:: What you have to do ::
Print exactly the lines below between the line holding "What I did is" and the line holding "Welcome to your", inclusive, and nothing more.

:: Supplied entries ::
# # # # #

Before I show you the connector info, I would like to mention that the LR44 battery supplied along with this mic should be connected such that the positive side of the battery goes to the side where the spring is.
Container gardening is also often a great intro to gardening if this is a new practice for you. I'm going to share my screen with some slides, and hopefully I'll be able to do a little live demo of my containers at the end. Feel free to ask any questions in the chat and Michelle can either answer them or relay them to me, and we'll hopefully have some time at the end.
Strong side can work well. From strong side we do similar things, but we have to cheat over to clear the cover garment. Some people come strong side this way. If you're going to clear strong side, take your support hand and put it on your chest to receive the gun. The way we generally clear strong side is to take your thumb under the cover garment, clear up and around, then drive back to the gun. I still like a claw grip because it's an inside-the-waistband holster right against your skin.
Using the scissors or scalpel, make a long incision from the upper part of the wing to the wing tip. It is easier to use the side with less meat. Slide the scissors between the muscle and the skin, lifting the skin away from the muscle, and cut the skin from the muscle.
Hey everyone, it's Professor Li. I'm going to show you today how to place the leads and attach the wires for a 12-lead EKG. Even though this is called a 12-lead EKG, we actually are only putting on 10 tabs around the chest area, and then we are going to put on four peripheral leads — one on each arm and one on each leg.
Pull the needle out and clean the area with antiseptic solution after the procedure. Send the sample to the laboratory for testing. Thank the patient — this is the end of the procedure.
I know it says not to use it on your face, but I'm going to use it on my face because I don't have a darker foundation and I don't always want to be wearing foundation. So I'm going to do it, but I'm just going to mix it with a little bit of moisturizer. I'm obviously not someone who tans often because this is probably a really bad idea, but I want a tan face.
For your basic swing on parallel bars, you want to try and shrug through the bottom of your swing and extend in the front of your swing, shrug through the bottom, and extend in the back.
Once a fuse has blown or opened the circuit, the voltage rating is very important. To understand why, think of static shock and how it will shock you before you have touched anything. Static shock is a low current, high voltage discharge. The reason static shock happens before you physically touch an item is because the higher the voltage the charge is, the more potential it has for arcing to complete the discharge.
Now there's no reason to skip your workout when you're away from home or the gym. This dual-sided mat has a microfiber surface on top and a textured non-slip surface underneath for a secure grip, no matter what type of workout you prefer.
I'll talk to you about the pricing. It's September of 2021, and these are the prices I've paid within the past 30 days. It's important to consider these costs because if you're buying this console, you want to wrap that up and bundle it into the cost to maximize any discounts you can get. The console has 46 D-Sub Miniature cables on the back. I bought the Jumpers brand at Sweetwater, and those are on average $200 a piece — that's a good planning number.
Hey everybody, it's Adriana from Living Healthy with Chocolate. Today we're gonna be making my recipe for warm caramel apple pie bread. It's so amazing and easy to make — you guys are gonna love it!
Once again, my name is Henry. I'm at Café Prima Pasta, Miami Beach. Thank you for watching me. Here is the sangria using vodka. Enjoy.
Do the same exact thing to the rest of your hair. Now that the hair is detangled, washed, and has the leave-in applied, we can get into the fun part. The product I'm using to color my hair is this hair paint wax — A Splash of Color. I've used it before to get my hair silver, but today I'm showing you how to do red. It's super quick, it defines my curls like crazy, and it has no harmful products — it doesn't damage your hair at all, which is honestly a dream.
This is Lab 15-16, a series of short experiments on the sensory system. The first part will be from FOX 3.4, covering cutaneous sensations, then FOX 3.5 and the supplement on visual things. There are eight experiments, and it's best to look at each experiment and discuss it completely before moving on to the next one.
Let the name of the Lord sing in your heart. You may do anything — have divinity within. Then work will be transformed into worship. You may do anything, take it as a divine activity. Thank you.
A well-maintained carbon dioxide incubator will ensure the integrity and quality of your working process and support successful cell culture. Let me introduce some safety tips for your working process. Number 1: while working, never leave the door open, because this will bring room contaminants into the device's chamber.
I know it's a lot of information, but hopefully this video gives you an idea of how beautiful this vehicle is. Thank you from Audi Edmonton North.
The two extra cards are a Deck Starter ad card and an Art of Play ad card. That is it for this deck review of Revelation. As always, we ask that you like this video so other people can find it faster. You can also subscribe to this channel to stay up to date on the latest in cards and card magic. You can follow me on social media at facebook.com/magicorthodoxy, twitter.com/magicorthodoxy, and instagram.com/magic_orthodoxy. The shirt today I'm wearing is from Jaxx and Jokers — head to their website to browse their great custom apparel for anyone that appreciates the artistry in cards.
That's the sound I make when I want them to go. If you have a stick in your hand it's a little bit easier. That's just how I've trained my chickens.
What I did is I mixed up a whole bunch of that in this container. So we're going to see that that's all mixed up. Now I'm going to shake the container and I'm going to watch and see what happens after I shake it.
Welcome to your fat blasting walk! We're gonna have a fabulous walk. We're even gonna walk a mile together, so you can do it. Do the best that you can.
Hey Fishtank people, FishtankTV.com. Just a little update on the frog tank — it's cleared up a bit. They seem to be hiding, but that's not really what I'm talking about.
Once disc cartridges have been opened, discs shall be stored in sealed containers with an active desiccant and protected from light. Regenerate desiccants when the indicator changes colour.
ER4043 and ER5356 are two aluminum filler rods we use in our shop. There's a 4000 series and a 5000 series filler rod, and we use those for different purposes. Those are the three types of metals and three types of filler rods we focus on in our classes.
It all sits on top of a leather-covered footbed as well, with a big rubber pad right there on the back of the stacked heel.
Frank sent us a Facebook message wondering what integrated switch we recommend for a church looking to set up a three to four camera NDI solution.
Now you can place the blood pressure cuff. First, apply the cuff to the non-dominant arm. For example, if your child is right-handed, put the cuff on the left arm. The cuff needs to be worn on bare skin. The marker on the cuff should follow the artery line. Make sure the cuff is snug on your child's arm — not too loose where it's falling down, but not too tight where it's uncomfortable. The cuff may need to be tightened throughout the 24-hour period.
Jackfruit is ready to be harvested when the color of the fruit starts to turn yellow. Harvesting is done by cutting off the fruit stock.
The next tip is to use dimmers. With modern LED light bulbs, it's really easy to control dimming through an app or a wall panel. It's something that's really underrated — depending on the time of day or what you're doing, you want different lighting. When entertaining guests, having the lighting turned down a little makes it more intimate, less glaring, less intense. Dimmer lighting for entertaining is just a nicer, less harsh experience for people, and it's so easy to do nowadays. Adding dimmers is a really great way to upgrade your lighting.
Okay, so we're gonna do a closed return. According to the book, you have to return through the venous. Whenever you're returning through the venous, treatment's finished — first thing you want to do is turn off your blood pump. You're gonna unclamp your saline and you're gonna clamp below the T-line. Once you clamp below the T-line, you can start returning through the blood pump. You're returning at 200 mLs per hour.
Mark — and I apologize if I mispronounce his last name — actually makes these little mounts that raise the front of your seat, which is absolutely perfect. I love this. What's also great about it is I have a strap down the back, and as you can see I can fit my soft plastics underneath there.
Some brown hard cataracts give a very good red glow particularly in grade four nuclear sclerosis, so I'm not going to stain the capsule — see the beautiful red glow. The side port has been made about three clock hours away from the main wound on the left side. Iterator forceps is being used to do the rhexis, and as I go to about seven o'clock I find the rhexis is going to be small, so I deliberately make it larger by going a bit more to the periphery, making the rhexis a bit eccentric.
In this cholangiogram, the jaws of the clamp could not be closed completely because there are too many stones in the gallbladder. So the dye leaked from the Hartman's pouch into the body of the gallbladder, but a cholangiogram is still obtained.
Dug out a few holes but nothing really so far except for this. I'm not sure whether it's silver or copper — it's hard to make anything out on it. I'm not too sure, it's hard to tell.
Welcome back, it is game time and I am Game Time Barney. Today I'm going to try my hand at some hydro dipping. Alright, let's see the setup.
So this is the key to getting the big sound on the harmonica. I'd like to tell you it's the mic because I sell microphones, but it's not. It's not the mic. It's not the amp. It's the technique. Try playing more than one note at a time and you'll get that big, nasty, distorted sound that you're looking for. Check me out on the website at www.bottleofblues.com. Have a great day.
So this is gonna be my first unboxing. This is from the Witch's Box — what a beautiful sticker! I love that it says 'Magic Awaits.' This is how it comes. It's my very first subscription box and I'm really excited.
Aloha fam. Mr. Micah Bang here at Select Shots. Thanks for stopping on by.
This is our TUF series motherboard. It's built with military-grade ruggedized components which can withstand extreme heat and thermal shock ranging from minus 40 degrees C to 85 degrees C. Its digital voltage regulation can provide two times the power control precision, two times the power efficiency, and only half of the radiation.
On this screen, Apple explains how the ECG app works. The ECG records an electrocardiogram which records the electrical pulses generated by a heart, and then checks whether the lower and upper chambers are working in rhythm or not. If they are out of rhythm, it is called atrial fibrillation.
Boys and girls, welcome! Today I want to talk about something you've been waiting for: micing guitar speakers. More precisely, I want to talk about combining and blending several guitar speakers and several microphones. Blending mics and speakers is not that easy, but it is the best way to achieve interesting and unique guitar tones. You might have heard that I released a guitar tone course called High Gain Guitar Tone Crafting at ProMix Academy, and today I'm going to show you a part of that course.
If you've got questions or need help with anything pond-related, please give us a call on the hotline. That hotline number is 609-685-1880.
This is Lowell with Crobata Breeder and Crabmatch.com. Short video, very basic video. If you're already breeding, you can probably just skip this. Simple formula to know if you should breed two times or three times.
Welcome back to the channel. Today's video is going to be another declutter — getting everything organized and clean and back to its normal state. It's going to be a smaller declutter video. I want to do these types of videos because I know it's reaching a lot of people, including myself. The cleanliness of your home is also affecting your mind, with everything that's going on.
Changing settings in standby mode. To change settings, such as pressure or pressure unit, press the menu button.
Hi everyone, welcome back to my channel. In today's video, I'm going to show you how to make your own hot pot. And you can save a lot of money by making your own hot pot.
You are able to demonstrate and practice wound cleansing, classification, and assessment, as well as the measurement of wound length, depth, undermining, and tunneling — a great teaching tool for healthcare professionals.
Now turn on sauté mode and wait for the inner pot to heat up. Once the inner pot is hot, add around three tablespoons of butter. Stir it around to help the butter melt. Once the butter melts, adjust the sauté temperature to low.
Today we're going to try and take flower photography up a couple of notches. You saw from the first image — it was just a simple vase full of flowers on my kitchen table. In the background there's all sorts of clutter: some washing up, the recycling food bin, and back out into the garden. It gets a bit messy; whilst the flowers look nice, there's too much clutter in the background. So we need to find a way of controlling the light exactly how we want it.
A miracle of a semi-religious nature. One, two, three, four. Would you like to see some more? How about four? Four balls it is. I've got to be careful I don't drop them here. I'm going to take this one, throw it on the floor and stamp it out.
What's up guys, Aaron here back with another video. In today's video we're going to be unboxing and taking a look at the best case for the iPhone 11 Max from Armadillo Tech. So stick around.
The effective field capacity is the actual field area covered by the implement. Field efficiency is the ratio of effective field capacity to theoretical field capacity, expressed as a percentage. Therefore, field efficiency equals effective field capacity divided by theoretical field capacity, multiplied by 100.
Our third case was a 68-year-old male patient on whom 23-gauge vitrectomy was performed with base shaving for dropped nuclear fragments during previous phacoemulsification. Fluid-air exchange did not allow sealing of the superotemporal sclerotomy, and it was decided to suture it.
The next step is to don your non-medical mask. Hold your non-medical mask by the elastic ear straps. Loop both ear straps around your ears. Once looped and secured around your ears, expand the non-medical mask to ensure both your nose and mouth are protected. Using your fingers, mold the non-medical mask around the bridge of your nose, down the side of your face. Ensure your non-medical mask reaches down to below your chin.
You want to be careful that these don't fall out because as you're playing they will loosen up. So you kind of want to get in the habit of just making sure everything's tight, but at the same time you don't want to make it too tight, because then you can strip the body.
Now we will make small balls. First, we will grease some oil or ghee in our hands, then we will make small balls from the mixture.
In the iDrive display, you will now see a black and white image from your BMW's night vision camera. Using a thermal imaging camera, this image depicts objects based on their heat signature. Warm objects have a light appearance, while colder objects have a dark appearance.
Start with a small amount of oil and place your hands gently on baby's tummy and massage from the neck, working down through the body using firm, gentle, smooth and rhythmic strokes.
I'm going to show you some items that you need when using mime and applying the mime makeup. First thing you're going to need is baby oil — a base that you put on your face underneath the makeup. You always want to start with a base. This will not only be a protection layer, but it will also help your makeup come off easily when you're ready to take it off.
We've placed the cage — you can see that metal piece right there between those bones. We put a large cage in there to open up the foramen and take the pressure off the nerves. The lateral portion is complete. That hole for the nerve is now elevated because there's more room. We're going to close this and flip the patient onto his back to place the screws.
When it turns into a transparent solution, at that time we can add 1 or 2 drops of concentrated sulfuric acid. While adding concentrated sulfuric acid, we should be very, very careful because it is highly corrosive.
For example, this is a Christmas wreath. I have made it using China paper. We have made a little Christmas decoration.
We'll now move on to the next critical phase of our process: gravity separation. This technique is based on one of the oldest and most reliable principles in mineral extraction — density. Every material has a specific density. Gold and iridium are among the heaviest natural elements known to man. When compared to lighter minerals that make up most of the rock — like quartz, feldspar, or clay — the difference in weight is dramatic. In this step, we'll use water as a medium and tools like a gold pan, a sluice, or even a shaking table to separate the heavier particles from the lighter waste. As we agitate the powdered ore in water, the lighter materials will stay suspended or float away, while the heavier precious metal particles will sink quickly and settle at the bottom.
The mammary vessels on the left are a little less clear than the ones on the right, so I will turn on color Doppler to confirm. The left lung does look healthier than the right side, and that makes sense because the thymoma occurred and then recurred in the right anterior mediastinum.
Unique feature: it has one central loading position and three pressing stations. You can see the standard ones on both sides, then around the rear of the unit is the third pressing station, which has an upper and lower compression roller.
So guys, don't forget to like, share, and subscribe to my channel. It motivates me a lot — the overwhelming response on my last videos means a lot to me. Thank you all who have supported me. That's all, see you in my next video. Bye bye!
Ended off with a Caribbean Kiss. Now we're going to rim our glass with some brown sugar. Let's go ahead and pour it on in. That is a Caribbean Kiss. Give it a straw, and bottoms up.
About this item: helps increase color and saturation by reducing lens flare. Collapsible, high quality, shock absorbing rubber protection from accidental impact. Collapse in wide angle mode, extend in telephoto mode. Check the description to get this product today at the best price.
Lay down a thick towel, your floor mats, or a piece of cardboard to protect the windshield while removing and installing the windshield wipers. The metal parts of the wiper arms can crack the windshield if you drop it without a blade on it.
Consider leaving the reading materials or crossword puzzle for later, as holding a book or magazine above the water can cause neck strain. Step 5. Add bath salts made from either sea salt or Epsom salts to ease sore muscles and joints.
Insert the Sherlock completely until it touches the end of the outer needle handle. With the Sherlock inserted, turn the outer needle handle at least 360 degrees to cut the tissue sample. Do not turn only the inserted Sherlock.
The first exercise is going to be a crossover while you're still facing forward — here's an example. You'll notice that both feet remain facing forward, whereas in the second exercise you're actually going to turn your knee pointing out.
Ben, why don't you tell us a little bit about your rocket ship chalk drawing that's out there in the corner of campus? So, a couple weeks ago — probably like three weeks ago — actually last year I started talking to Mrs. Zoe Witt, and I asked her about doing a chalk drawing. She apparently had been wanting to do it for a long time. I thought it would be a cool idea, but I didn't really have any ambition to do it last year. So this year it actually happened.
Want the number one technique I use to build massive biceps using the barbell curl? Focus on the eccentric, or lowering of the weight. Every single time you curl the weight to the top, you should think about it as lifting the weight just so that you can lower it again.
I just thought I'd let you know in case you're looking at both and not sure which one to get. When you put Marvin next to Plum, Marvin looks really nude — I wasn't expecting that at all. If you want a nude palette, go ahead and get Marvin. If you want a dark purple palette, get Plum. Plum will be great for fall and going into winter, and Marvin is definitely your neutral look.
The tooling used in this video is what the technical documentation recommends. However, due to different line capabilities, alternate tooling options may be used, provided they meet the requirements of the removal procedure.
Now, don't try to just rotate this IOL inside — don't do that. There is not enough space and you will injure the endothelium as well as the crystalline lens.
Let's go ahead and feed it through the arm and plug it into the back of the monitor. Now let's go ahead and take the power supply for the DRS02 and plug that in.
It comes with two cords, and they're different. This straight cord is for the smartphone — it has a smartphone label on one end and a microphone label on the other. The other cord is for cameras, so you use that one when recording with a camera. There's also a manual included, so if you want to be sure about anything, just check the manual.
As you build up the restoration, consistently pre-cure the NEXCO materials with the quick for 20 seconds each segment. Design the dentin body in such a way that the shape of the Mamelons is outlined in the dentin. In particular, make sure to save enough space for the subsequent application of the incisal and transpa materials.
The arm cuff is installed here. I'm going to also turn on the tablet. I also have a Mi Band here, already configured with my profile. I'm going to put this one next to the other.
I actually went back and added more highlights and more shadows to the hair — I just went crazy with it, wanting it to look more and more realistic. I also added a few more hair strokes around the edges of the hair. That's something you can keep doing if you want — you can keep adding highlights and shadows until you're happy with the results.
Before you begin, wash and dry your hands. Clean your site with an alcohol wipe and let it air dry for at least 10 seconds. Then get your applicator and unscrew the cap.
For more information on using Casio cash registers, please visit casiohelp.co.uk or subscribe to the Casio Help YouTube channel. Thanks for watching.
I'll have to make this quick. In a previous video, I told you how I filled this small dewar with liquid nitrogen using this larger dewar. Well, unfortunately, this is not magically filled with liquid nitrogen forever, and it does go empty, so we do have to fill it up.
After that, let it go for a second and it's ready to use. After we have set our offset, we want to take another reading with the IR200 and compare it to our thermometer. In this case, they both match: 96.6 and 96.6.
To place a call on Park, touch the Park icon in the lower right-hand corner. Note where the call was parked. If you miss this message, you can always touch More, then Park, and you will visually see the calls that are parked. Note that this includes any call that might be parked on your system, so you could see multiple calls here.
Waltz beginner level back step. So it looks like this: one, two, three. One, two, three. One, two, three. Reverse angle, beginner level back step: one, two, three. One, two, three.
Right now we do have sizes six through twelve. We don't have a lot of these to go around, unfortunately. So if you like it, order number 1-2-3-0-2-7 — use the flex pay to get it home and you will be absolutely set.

# # # # #

:: Completed exercise ::
What I did is I mixed up a whole bunch of that in this container. So we're going to see that that's all mixed up. Now I'm going to shake the container and I'm going to watch and see what happens after I shake it.
Welcome to your fat blasting walk! We're gonna have a fabulous walk. We're even gonna walk a mile together, so you can do it. Do the best that you can.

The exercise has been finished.